I have written down my experience in the form of a discussion on
several options concerning syntax [3], and implementation [4],
respectively. As the articles have turned out longer than I
originally intended, it might take up too much time for those who have
little interest in this matter in the first place. However,
considering that the subject of pattern matching has been coming up
rather regularly, my experience might help to contribute something to
the discussion. Let me provide a brief summary here:
1. PATTERN MATCHING IS NOT SWITCH/CASE
--------------------------------------
When I am talking about pattern matching, my goal is to do a deep
structural comparison, and extract information from an object.
Consider, for instance, the problem of optimising the AST of a Python
program, and eliminate patterns of the form `x + 0`, and `x - 0`.

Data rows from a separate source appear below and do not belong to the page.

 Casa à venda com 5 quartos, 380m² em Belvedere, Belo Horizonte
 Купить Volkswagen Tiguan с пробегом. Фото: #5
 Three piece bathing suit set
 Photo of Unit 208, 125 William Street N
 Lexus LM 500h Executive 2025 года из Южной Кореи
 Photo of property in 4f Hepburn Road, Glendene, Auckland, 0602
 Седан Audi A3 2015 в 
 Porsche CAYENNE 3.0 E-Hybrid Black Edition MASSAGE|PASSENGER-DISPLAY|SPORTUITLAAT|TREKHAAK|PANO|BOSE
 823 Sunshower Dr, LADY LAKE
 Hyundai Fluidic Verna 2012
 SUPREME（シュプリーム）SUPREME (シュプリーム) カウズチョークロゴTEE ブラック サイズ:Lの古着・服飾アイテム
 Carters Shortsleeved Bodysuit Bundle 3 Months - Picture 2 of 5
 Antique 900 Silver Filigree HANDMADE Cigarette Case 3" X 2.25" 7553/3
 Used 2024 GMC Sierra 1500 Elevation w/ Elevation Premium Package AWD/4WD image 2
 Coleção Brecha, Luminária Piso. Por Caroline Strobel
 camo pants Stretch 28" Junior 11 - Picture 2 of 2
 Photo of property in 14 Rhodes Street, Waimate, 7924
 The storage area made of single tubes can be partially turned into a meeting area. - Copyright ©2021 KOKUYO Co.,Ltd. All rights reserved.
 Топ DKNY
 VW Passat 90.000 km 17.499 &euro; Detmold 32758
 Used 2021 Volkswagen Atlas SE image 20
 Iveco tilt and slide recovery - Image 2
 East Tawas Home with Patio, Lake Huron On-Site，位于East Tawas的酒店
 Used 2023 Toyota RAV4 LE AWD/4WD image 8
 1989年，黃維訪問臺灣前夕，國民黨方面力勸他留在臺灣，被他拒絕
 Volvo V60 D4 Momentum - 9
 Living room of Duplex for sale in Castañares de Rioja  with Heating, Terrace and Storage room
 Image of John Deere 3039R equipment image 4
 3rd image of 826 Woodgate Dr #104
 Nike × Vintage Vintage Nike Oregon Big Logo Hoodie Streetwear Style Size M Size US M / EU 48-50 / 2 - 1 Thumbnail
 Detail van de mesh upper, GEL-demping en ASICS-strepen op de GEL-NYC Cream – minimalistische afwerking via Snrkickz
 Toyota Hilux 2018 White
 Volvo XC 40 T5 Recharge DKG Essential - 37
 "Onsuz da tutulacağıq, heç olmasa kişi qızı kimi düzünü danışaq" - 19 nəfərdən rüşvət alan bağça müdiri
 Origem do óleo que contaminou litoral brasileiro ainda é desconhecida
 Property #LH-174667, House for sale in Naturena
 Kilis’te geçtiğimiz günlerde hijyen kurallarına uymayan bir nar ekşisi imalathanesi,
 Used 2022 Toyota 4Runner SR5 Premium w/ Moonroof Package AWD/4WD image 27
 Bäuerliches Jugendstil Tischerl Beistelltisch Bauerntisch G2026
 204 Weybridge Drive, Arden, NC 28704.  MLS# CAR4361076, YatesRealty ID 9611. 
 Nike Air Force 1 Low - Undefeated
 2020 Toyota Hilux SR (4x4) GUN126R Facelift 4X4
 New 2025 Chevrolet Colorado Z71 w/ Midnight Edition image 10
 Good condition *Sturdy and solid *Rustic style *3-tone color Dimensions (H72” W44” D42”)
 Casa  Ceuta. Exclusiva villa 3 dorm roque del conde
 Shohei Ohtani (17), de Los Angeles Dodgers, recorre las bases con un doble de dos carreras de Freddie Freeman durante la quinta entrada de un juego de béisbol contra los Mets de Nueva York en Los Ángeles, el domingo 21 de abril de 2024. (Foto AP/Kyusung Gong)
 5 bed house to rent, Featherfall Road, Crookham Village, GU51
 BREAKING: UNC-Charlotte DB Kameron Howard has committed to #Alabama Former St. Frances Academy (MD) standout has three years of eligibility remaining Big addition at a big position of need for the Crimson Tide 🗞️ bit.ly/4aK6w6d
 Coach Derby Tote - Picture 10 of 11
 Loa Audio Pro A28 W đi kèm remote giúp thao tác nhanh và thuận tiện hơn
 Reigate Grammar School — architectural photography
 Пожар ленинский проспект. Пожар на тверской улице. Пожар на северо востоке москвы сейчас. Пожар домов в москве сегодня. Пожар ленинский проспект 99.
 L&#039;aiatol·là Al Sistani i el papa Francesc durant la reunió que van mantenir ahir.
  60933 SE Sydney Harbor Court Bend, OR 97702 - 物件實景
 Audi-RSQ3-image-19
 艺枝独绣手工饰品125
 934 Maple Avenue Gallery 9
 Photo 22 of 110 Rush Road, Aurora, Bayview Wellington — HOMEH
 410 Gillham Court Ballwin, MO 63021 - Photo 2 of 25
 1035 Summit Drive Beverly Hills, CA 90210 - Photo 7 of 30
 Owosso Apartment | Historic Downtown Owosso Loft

What pattern matching should be offering here is a kind of comparison
along the lines of:
`if node == BinOp(?, (Add() or Sub()), Num(0)): ...`
Ideally, it should also return the value of what is marked by the
question mark `?` here, and assign it to a variable `left`, say. The
above comparison is often written as something like, e. g.:
`case BinOp(left, Add()|Sub(), Num(0)): ...`
This use of `case`, however, is not the same as a switch-statement.
2. ORTHOGONALITY
----------------
Getting the syntax and semantics of nested blocks right is hard.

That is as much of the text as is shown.